Goal of the exercise -> Apart from the images, repeat the data below exactly as written.

Raw data ->

-=-=-=-=-

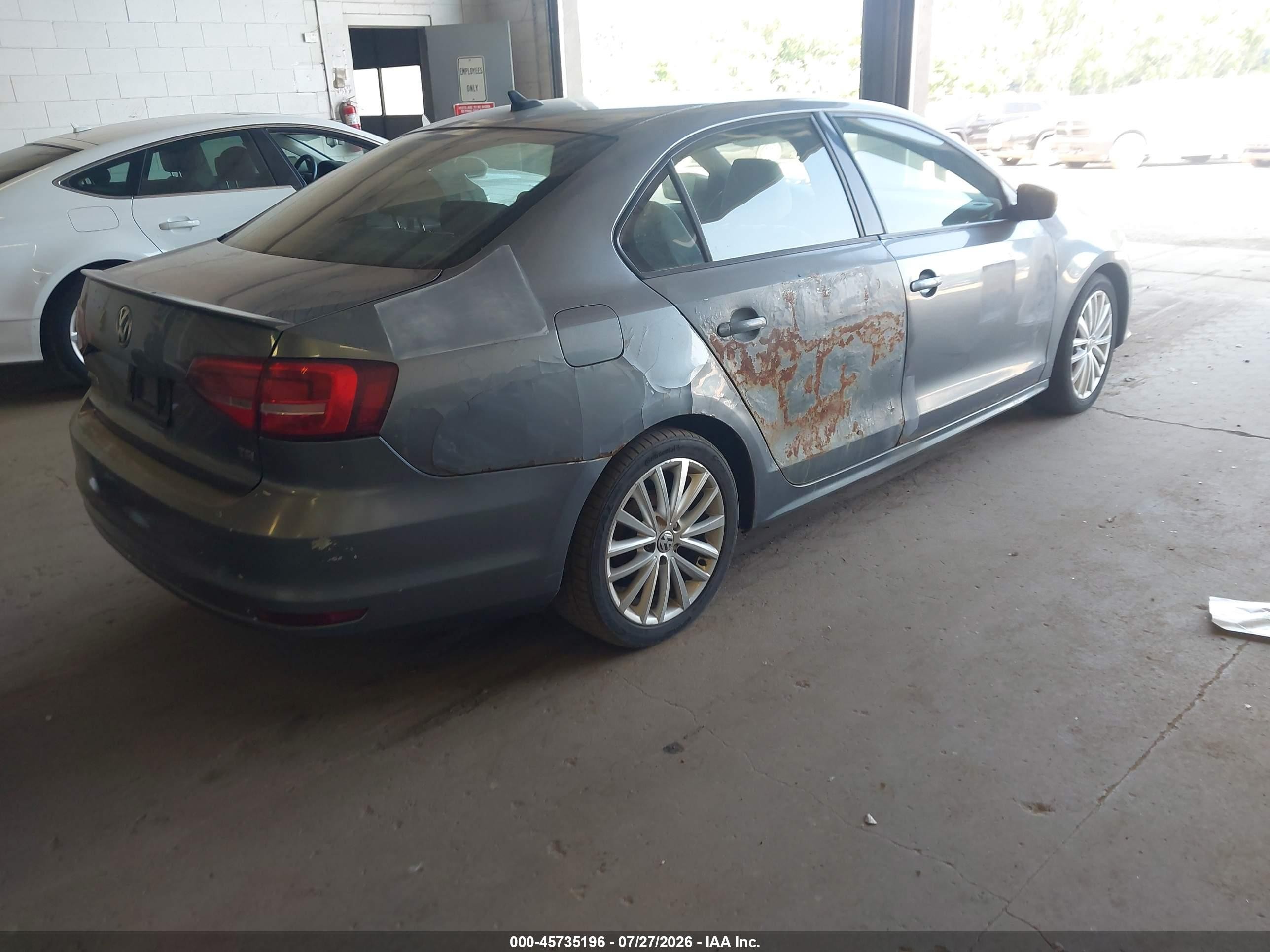 2015 Volkswagen Jetta 1.8t Sport Silver vin: 3VWD17AJ8FM416850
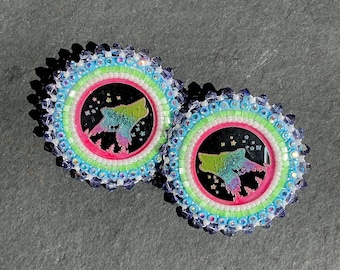 Mirrored Neon Wolf head - Flat stitch beaded earrings - embroidered - hypoallergenic fingernail post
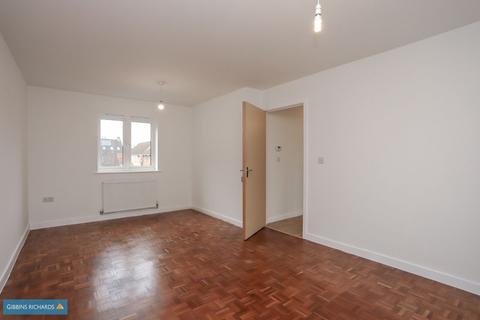 82 Morse Road, Norton Fitzwarren, Taunton, TA2 6BS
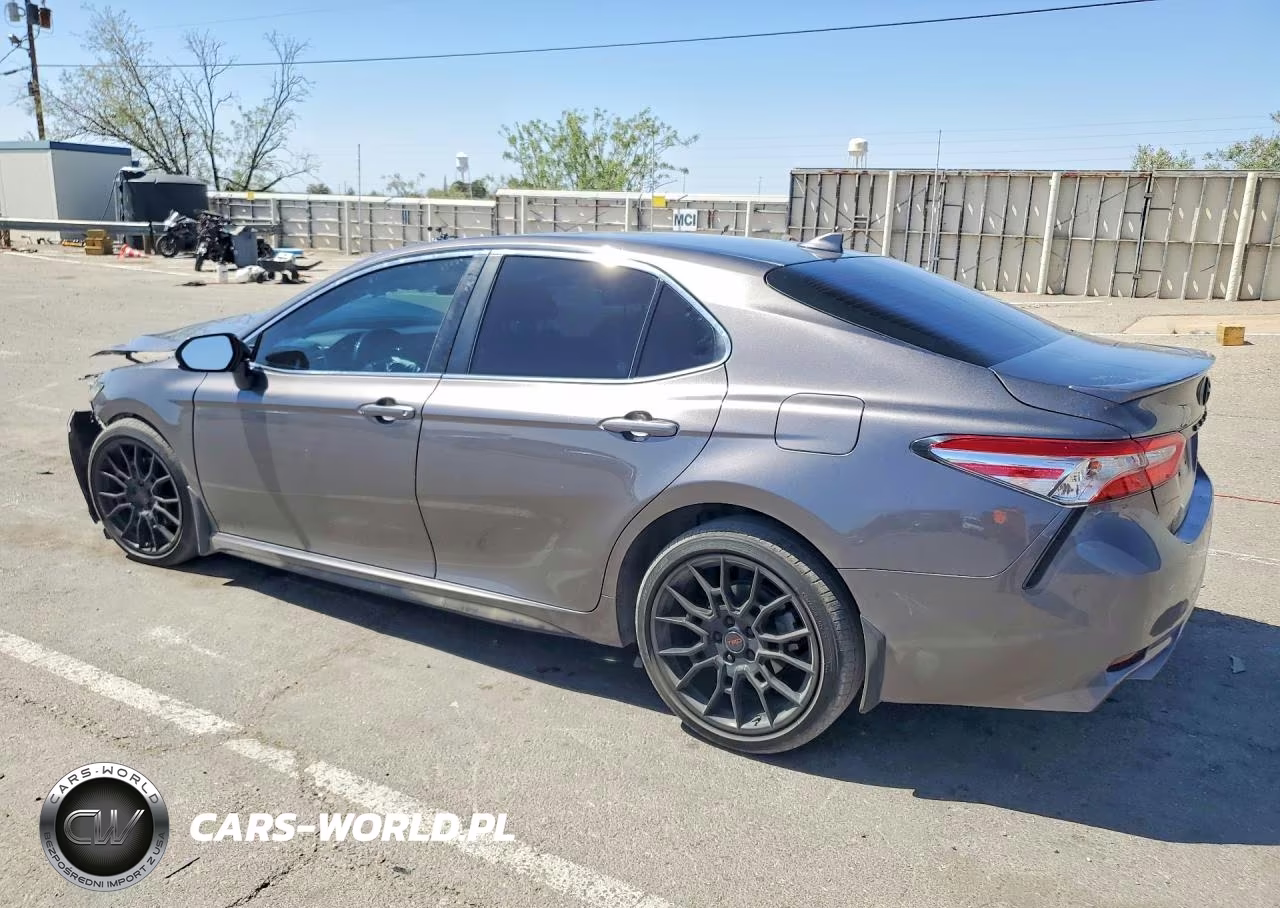 2020 Toyota Camry Se VIN:4T1G11AK0LU984521 - 2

-=-=-=-=-

Answer to the problem ->
 2015 Volkswagen Jetta 1.8t Sport Silver vin: 3VWD17AJ8FM416850
 Mirrored Neon Wolf head - Flat stitch beaded earrings - embroidered - hypoallergenic fingernail post
 82 Morse Road, Norton Fitzwarren, Taunton, TA2 6BS
 2020 Toyota Camry Se VIN:4T1G11AK0LU984521 - 2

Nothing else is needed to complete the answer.